Kecelakaan Sukhoi, silakan tunggu KNKT

Jakarta (ANTARA News) - Kementerian Perhubungan meminta semua pihak agar dapat menunggu hasil penelitian dan investigasi yang kini sedang dilakukan oleh tim dari Komite Nasional Keselamatan Transportasi (KNKT) terkait musibah jatuhnya pesawat Sukhoi Superjet 100.

"Kita tidak bisa memprediksi apa yang menjadi faktor terjadinya kecelakaan, kita tunggu saja hasil investigasi KNKT," kata Direktur Jenderal Perhubungan Udara Kemenhub, Herry Bakti S Gumay, dalam keterangan tertulis dari Pusat Komunikasi Publik Kemenhub yang diterima di Jakarta, Jumat.

Ia memaparkan, pihak Rusia yang menerbangkan pesawat Sukhoi itu sudah mendapatkan izin untuk melakukan demo flight atau promosi penerbangan dari Kementerian Luar Negeri, Mabes TNI, dan Kemenhub.

"Tujuan mereka adalah untuk promosi Sukhoi di Indonesia dan dilaksanakan di Bandara Halim Perdana Kusuma dengan mengundang komunitas penerbangan," katanya.

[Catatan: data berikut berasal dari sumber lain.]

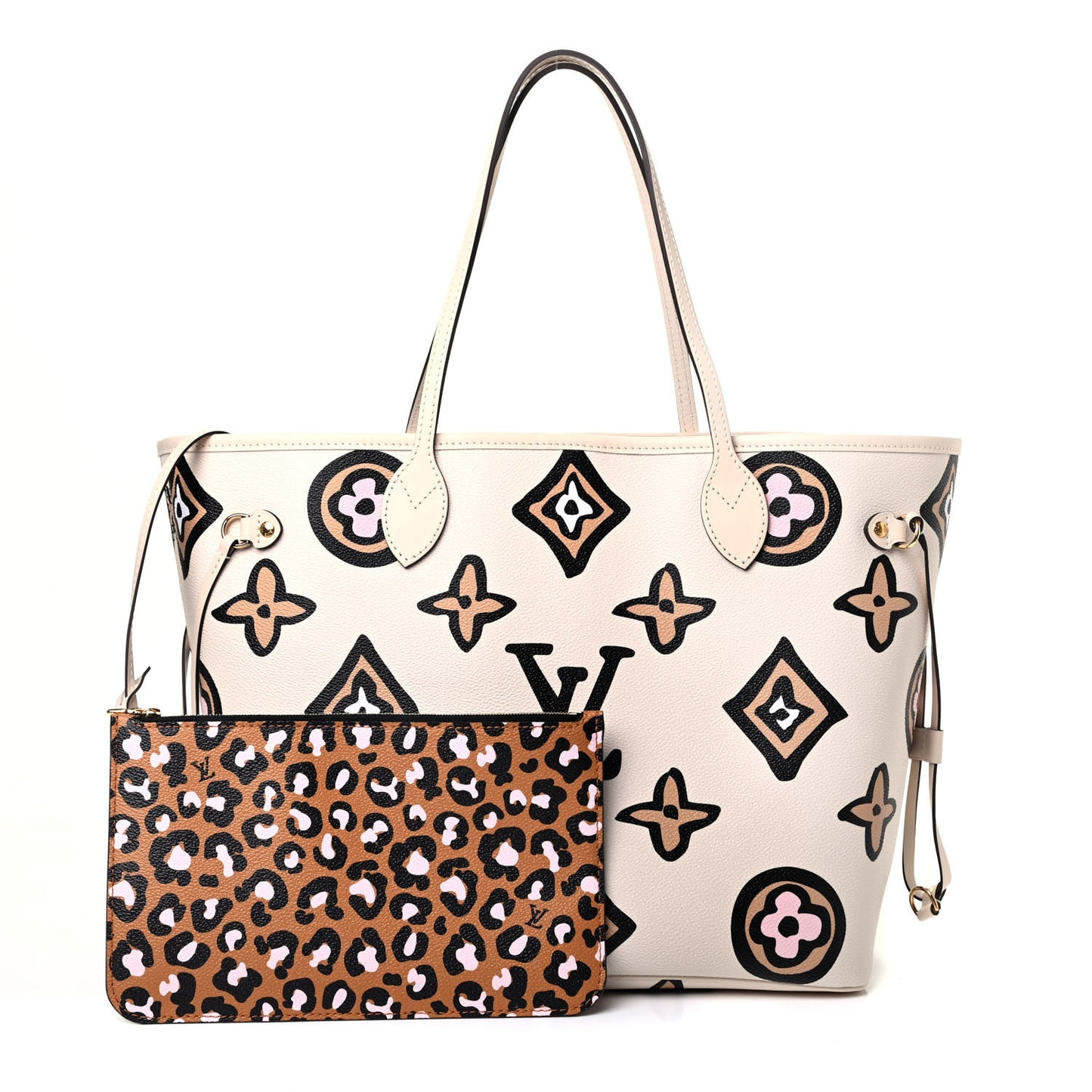 Monogram Giant Wild At Heart Neverfull MM Creme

Dirjen Hubud juga menuturkan, pesawat hilang kontak setelah 12 menit terbang yakni dari pukul 14.21 hingga 14.33 dan meminta untuk merendahkan penerbangan dari ketinggian 10.000 kaki menjadi 6.000 kaki kepada ATC (menara pengawas).

Nyatanya,pesawat ditemukan di pegunungan Salak di wilayah Kabupaten Sukabumi, Jawa Barat. Apabila posisi pesawat masih di atas Bandar Udara Atang Sanjaya Bogor, angka ketinggian tersebut tidak bermasalah dan tetap bisa dilintasi pesawat.

Ia mengungkapkan, pilihan terbang di kawasan Bogor memang sering dilakukan mengingat minimnya penerbangan dan tidak ada penerbangan berjadwal yang melewati wilayah itu kecuali untuk pesawat carter.

Dephub tidak akan campur tangan dengan rencana pembelian pesawat SSJ 100 oleh PT Kartika Airlines sebanyak 30 pesawat dan PT Sky Aviation sebanyak 12 pesawat karena merupakan B to B ("business to business"/ antarpebisnis).

Senada dengan Dirjen Hubud, Wakil Menteri Perhubungan Bambang Susantono mengatakan, pembelian pesawat Sukhoi Superjet 100 buatan Rusia oleh sejumlah maskapai penerbangan di Tanah Air masih bersifat bisnis antara maskapai sebagai pembeli dan Sukhoi sebagai penjual.

Pemerintah dalam hal ini Kemenhub, menurut Bambang, tidak mengikuti atau terlibat langsung dalam kesepakatan bisnisnya, seperti antara Kartika Airlines atau Sky Aviation dengan Sukhoi Civil Aircraft Company.